** Recorded data **
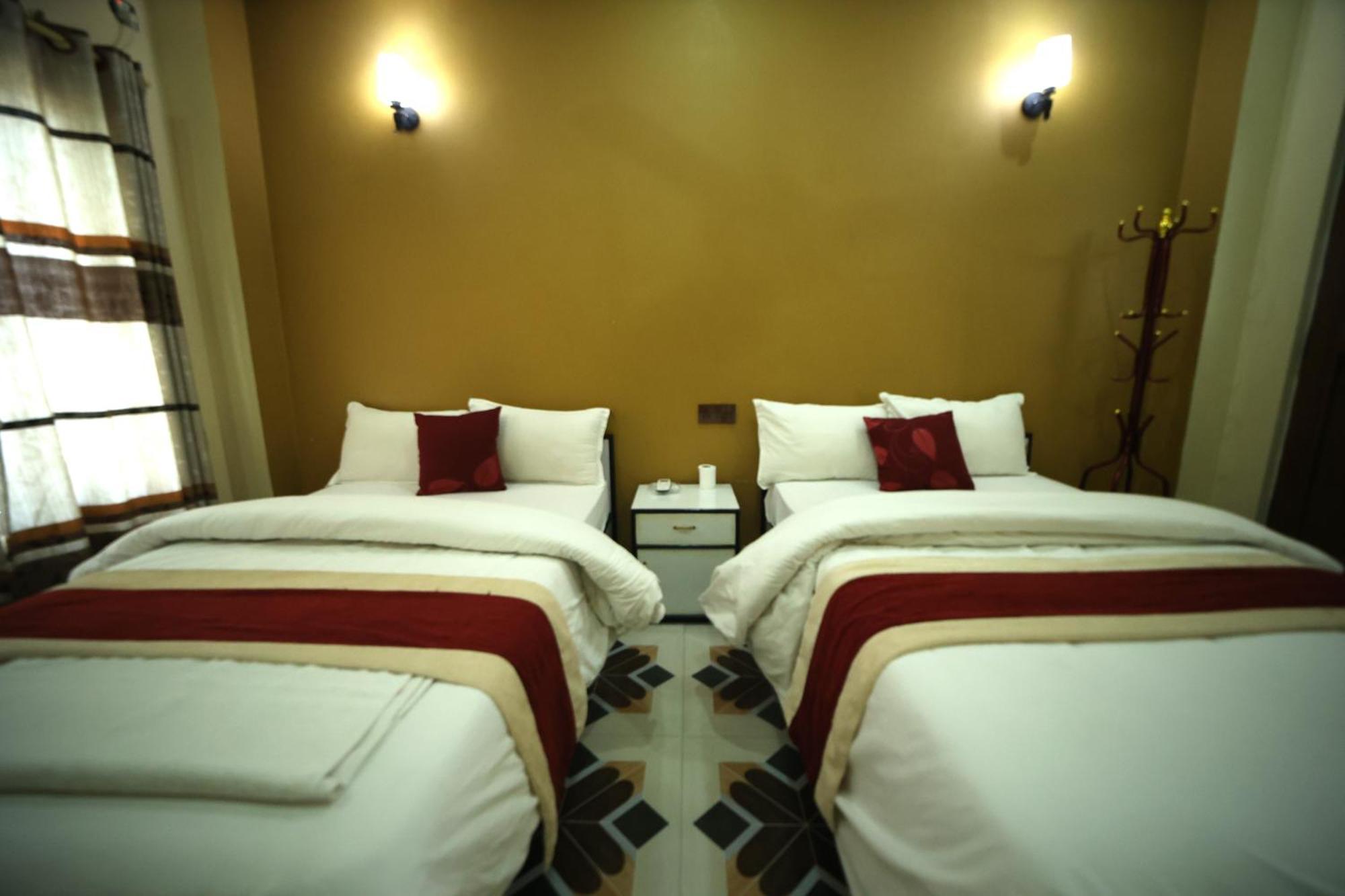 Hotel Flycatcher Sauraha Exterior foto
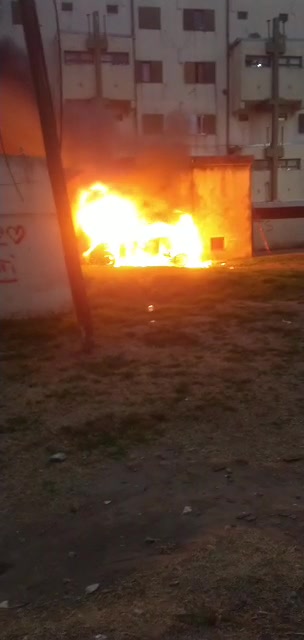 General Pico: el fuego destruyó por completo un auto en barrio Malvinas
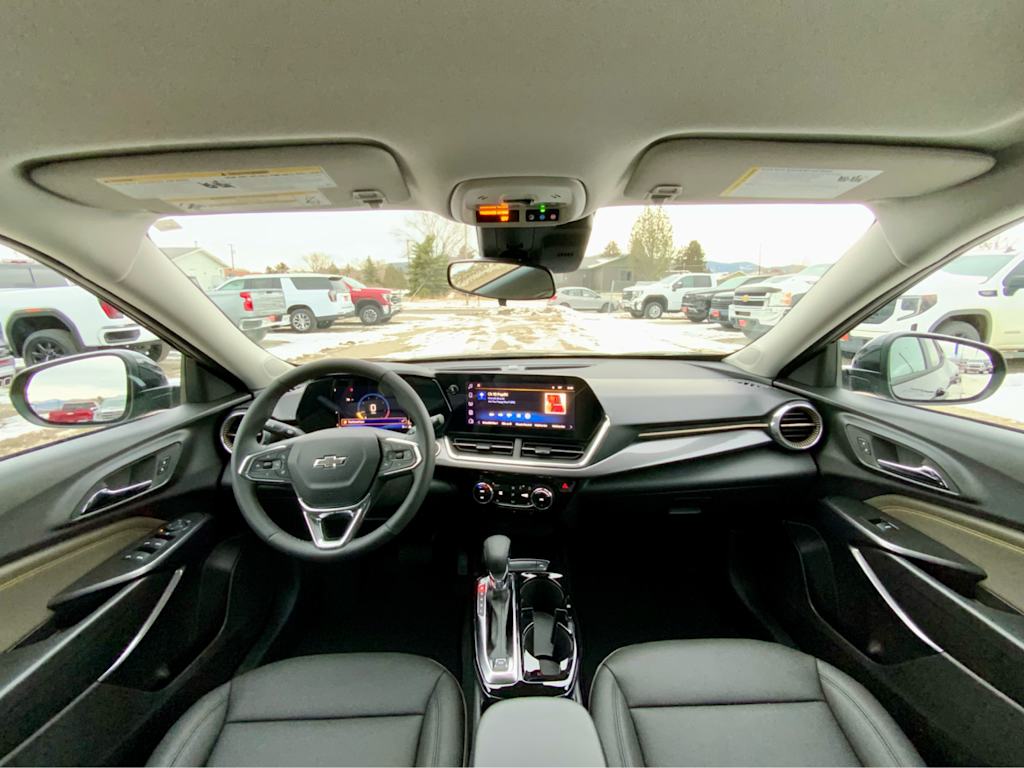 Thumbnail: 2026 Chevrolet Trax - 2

** Prompt **
Pictures aside, reproduce all of the data exactly.

** Solution for this exercise **
 Hotel Flycatcher Sauraha Exterior foto
 General Pico: el fuego destruyó por completo un auto en barrio Malvinas
 Thumbnail: 2026 Chevrolet Trax - 2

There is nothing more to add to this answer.